Work instruction> Return the data that follows exactly as it appears. Pictures do not belong in the copy.

Stored data>
• • • • • • •
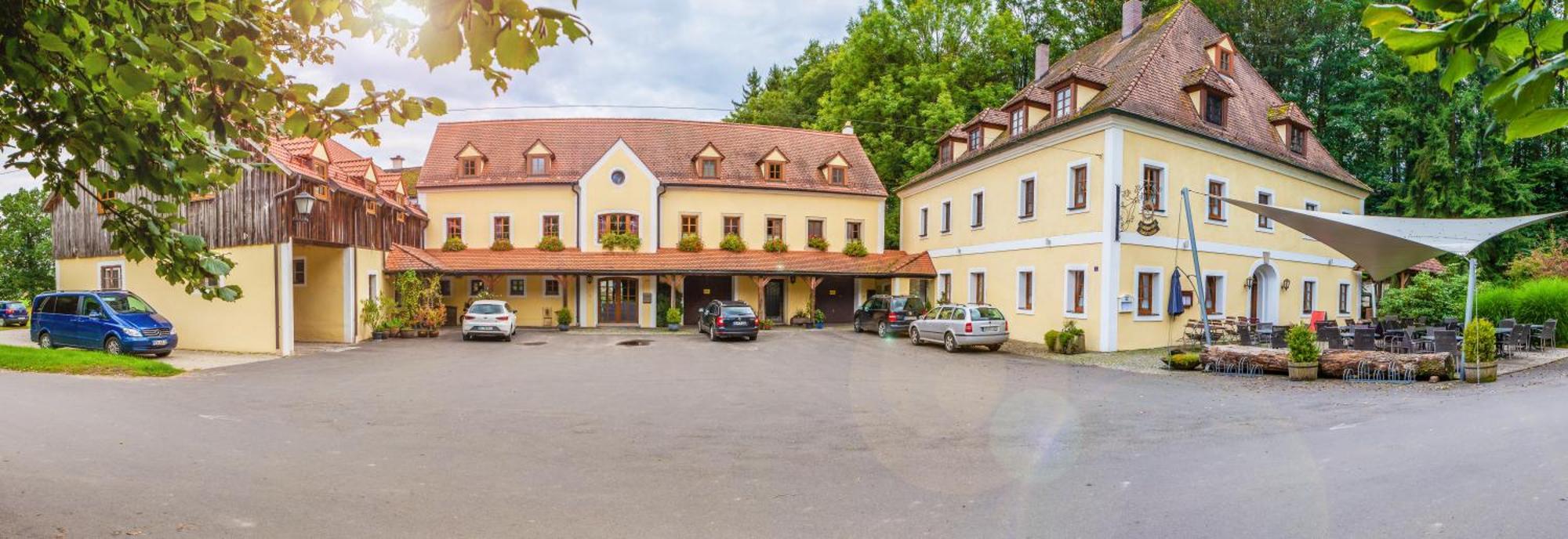 Landgasthof Kahrmühle Pressath Exterior foto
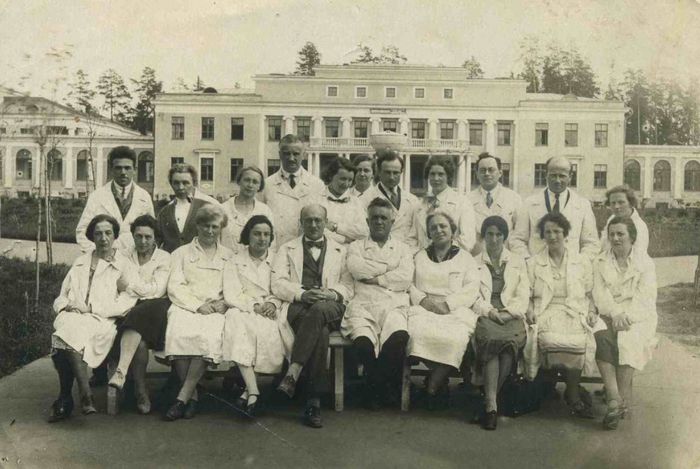 Клинический-туберкулезный-санаторий-пос.-Кратово-1935-г.-1024x686.jpg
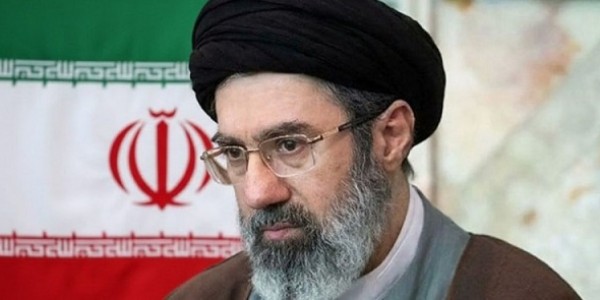 Ayatollah Khamenei Sampaikan Duka atas Gugurnya Kamal Kharrazi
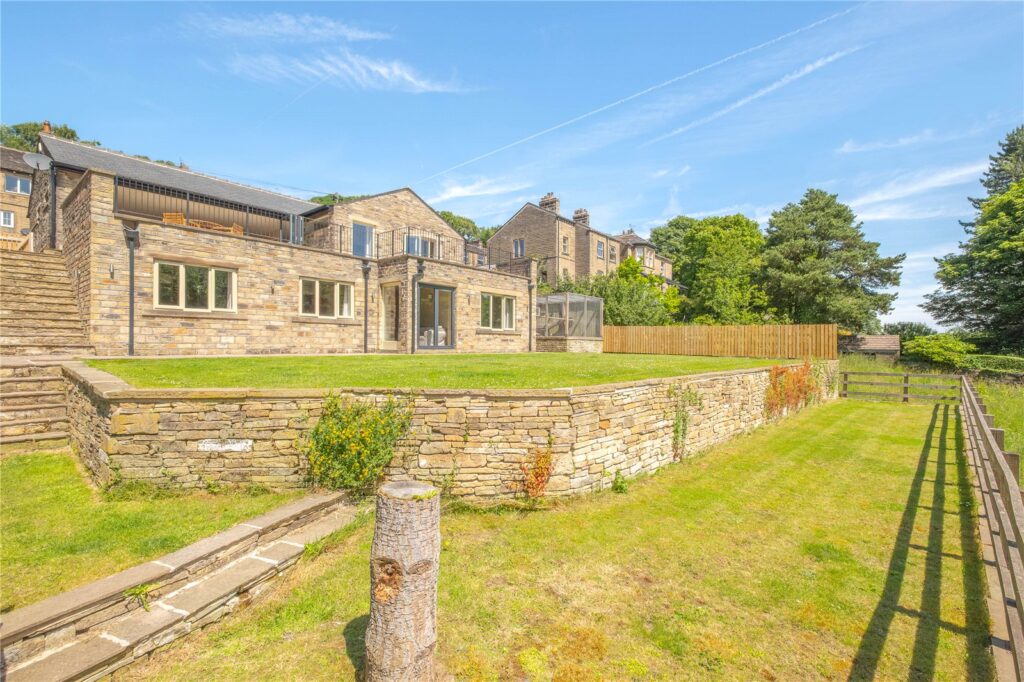 Woodhead Road, Hinchliffe Mill, Holmfirth, HD9 2NW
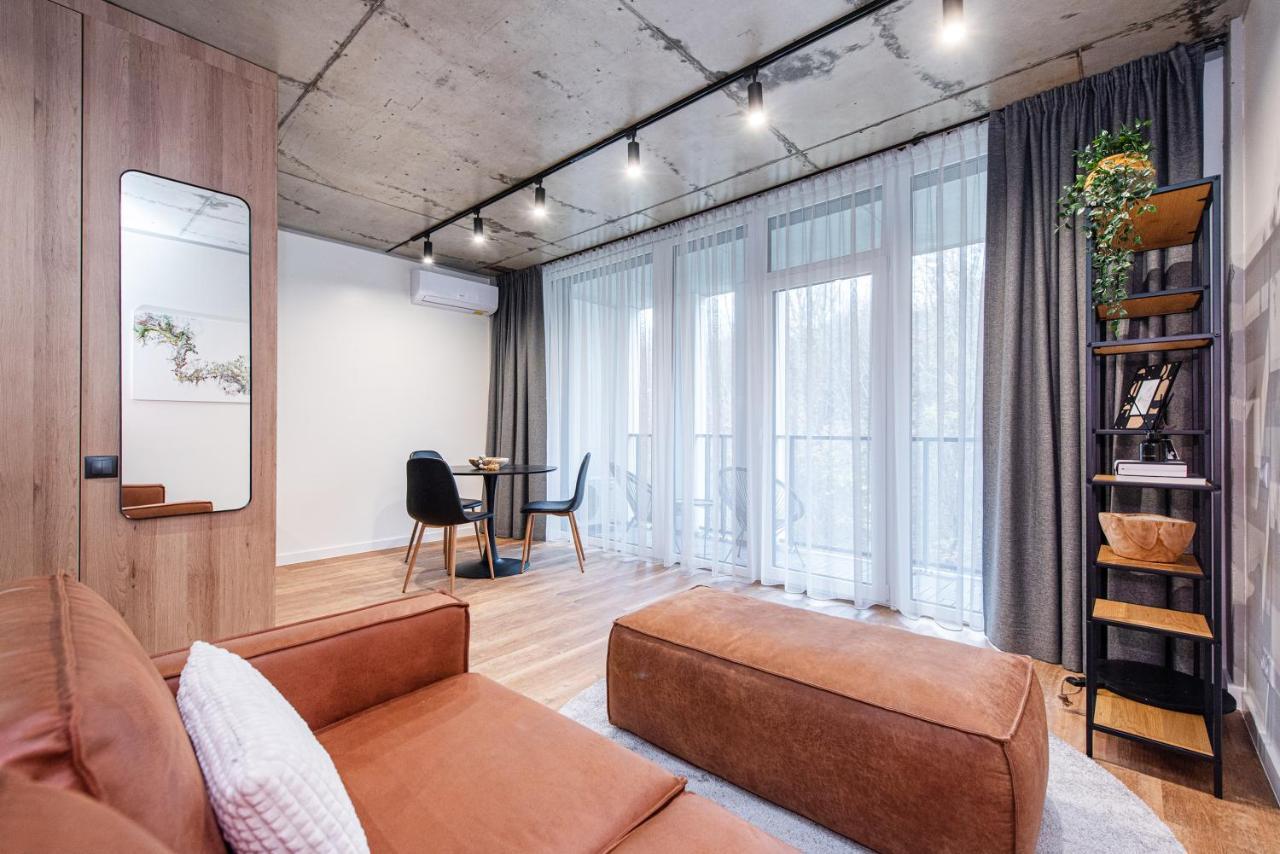 Ozas Park And Suites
• • • • • • •
Exercise output>
 Landgasthof Kahrmühle Pressath Exterior foto
 Клинический-туберкулезный-санаторий-пос.-Кратово-1935-г.-1024x686.jpg
 Ayatollah Khamenei Sampaikan Duka atas Gugurnya Kamal Kharrazi
 Woodhead Road, Hinchliffe Mill, Holmfirth, HD9 2NW
 Ozas Park And Suites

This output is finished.